Esas son las raíces de Jun Organic, el primer taller artesanal que, dentro de México, elabora y distribuye “productos terapéuticos y cosméticos, hechos a partir de cannabis”.

N. es el experto en botánica, y E. la especialista en medicina tradicional y herbolaria. “Nosotros no cosechamos la planta para venderla –explica ella–, debe quedar muy claro que nosotros no vendemos mariguana, sino que vendemos productos elaborados a partir de ella que tienen un fin exclusivamente terapéutico. No son ni mágicos ni milagrosos, y si te los comes no te producen ningún efecto psicotrópico.

Además –subraya– nuestros productos tampoco son sustitutos de los medicamentos que los doctores recetan a sus pacientes, sino que, en todo caso, son complementarios a los tratamientos médicos, y ayudan a elevar la calidad de vida de personas con enfermedades crónico-degenerativas, así como también a aliviar los síntomas de otros padecimientos, como el cáncer, que, por su agresividad, genera fuertes dolores y tiene a suprimir el sueño o el apetito”.

E. habla con soltura, mientras va creando una hilera de jabones con forma de flor, de un verde traslúcido y suave, cuyos bordes refina con una cuchara tan pronto como los saca del molde, para luego cubrirlos con una envoltura plástica.

”Estos jabones, por ejemplo, son de mariguana y aloe vera, y por sus cualidades hidratantes y cicatrizantes se recomienda su uso a personas con diabetes, enfermedad que produce, entre muchos otros síntomas, graves problemas en la piel”.

“Estos jabones, y también las ceras y cremas elaboradas con la misma fórmula, nos los encarga gente que padece desde resequedad extrema, hasta ‘piel de azúcar’, que es cuando, por la diabetes, la piel se vuelve como de caramelo. Si tú tocas a alguien con ese padecimiento, te llevas su piel en la yema de los dedos. Esto ayuda mucho a revertir este deterioro de la dermis. También los encarga gente con ‘pie diabético’, una ulceración en las extremidades inferiores que genera infección y destrucción de tejidos. Estas cremas y jabones han ayudado a quienes lo padecen a detener y revertir, poco a poco, este problema, que es muy doloroso e incapacitante”.

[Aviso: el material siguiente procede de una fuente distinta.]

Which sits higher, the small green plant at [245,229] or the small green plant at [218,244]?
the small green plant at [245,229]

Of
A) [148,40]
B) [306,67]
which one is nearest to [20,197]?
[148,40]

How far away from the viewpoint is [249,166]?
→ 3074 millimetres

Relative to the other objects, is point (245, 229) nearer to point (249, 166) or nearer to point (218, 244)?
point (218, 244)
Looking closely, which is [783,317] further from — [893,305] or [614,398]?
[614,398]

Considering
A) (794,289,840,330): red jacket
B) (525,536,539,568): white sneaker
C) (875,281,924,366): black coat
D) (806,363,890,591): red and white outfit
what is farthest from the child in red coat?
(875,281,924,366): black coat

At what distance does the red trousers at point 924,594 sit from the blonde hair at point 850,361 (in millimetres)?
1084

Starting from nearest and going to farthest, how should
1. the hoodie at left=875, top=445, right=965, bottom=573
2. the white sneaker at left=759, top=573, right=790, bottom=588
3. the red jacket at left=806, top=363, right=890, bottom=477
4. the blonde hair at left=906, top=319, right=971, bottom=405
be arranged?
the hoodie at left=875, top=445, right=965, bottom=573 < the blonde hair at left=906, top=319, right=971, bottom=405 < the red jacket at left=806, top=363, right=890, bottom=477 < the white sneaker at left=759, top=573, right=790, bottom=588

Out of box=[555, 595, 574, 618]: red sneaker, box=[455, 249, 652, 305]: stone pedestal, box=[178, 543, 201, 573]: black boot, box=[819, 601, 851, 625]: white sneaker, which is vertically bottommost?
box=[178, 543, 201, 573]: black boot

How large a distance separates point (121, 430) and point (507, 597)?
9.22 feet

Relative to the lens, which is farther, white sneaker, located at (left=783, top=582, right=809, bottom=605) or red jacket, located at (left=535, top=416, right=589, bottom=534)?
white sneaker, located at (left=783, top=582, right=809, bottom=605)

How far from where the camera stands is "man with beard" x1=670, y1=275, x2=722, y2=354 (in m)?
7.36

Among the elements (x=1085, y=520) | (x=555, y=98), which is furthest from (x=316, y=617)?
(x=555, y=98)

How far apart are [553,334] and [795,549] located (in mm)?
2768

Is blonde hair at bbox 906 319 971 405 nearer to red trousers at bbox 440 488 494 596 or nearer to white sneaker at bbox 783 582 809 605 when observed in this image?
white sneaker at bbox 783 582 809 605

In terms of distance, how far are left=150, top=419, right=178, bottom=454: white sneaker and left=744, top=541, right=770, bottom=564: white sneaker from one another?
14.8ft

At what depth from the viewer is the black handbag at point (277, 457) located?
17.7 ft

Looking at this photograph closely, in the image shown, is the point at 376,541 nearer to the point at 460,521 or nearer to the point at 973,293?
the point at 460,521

“Entre la línea de jabones, explica E., también están los de avena y mariguana, el primer ingrediente para exfoliar y el segundo para estimular la regeneración celular; el de mariguana y mandarina, cuyo uso se sugiere para reducir la celulitis y las estrías; y el de mariguana y coco, que sirve para tratar infecciones en la piel, ya que a las cualidades regenerativas del cannabis se suman las propiedades antibacterianas y antimicóticas del coco”.

“Y también usamos cocos, aunque de otro tipo –añade N., mostrando una semilla de mariguana–, para elaborar cera cosmética, que sirve para reducir las ojeras y las bolsas bajo los ojos.”

La crema con escencia de mariguana, por otra parte, es empleada por gente con artritis, “para hacer más lento el deterioro de sus articulaciones”, así como para reducir los dolores reumáticos.

“No estamos inventando el hilo negro –destaca E.–, estos usos terapéuticos del cannabis, así como de otras plantas y frutas, son parte de la herencia herbolaria de los pueblos mexicanos, y son métodos que hasta hace poco usaban las abuelitas como remedios caseros.”

Calidad de vida

Foto mota 4S. es una mujer madura, madre de dos adultos y abuela de dos bebés, uno de año y medio, y el otro de unos cuantos meses.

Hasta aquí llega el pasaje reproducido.